EXERCISE BRIEF: Go through the entries below and print, exactly, the lines starting at the one with "Girl Some grandmas" and ending at the one with "War and Punishment: The", keeping both ends and no others.

SUPPLIED INFORMATION:
=-=-=-=-=

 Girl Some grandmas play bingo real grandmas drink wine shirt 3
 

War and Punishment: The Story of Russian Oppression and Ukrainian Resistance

=-=-=-=-=

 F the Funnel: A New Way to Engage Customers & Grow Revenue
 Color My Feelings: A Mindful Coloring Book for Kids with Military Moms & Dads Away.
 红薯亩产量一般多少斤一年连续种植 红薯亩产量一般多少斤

=-=-=-=-=

EXERCISE RESULT:
 Girl Some grandmas play bingo real grandmas drink wine shirt 3
 

War and Punishment: The Story of Russian Oppression and Ukrainian Resistance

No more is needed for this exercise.